- Born: Juliet Coker July 25, 1939 (age 87) Warri, Nigeria
- Occupations: Producer, Television presenter, Newsreader

= Julie Coker =

Nigerian television journalist and broadcaster

Julie Coker (born Juliet Coker, July 25, 1939) is a Nigerian television presenter, producer and newsreader, now retired. One of the country's pioneer female broadcasters, Coker was a familiar face during the infancy of Nigerian television, most notably on The Bar Beach Show and her own series Julie's World. As a recording artist, she released three albums during the disco era, and has been sampled by contemporary musicians.

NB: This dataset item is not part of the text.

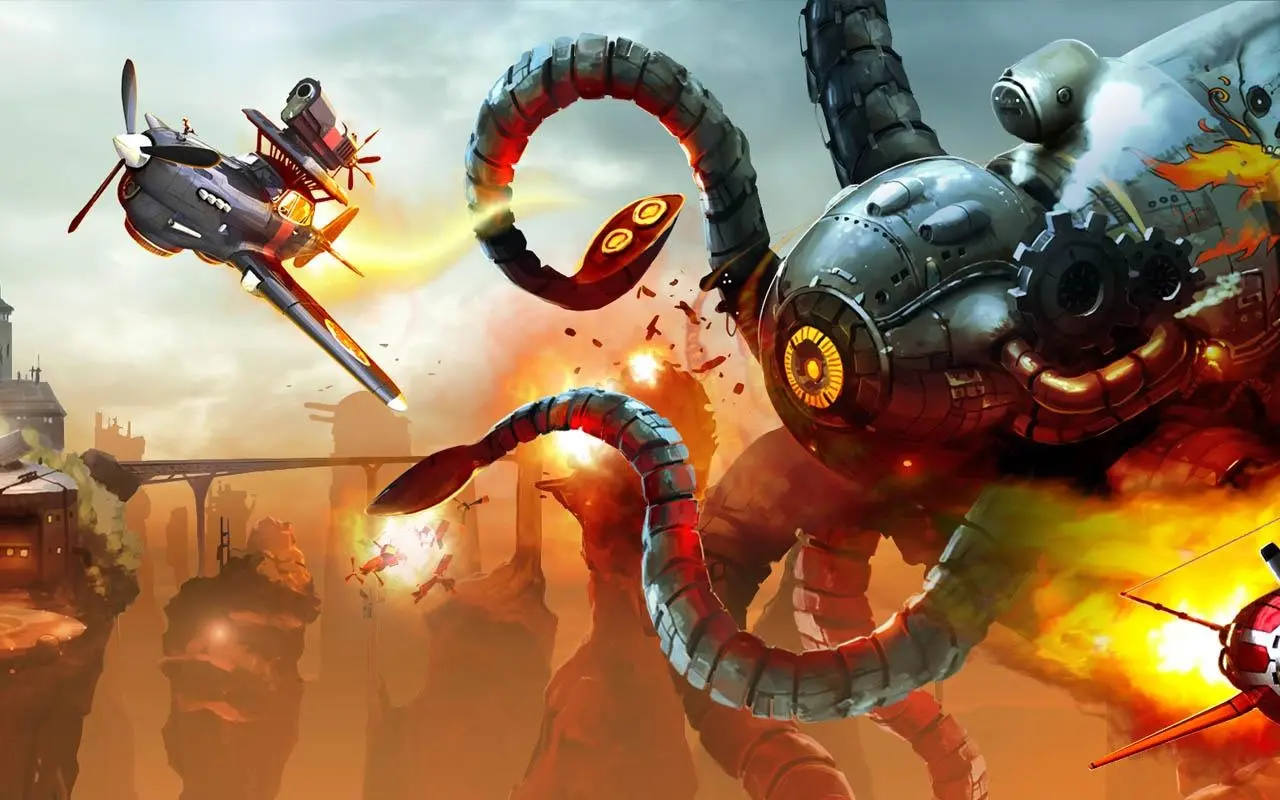 Imagen de Sine Mora Ex confirma su fecha de lanzamiento en consolas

==Early life and education==
Born in Warri to an Egba/Sierra Leonian father and an Itsekiri mother, Coker was raised in Lagos by her mother who had since remarried an Itsekiri man, and attended the Catholic institution St Mary's Convent Primary School where she developed an interest in music and performance art. She later gained admission into another Catholic school, Holy Child College where the nuns changed her first name to the Catholic-friendly "Juliana". When she was fourteen years old, her mother fell sick and moved to her village to recuperate while Coker stayed with her stepfather's family. After a year without communication from her mother, Coker travelled to Sapele where her great-aunt nearly tricked her into early marriage with an older polygamist, but she escaped with the help of another aunt back to Lagos where she earned a scholarship to continue her education at Holy Child College. In 1957, she represented her school in a festival of arts featured in the Daily Times. Upon completion of her studies, Coker began teaching at Our Lady of Apostles Convent in Warri.

==Pageantry==
In 1958 during her tenure as a teacher, Coker's friends noticed an advertisement in the Daily Times for second edition of Miss Nigeria. Coker entered the Western Zone of the competition in Ibadan after her photograph was submitted and won (Miss Nigeria consisted of four zones in the early days of the pageant — Kaduna, Enugu, Ibadan, and Lagos). She won the contest as Miss Western Nigeria and proceeded to the grand final in Lagos, but lost to office clerk Helen Anyamaeluna. In 2001, Coker was among the panel investigating the then-Miss Nigeria Valerie Ama Peterside after the latter was accused of forging her university degree.

==Career==

===Broadcasting===
Coker's uncle, Justice Ighodaro, was well-connected with many administrators in the Western region. After his niece expressed an interest in broadcasting, he secured her a job with WNTV. Originally a receptionist at the station, she joined the broadcasting team when she replaced Anike Agbaje-Williams after the latter announced her maternity leave. Coker - now known as Julie - gradually shot to stardom, but unlike Agbaje-Williams who worked mainly behind the camera before her transfer to Ibadan, Coker had long career as a presenter, fronting various programmes including The Bar Beach Show and Julie's World. She was also one of Nigerian television's first female newsreaders.

===Music===
Coker has released three albums under E.M.I. Music Nigeria. A compilation record of seven songs was released by Kalita Records in 2019, with four recordings from ‘Ere Yon (Sweet Songs)’ and three from ‘Tomorrow’, including ‘Ere Yon’. The latter was re-interpreted by Anderson .Paak as "Savier's Road" on his album ‘Oxnard’, globally released on Dr. Dre's Aftermath imprint and featuring Coker's original vocals. The compilation also included the lost Afro disco classic ‘Gossiper Scandal Monger’.

===Other===
Coker featured in the pre-Nollywood film Dinner with the Devil.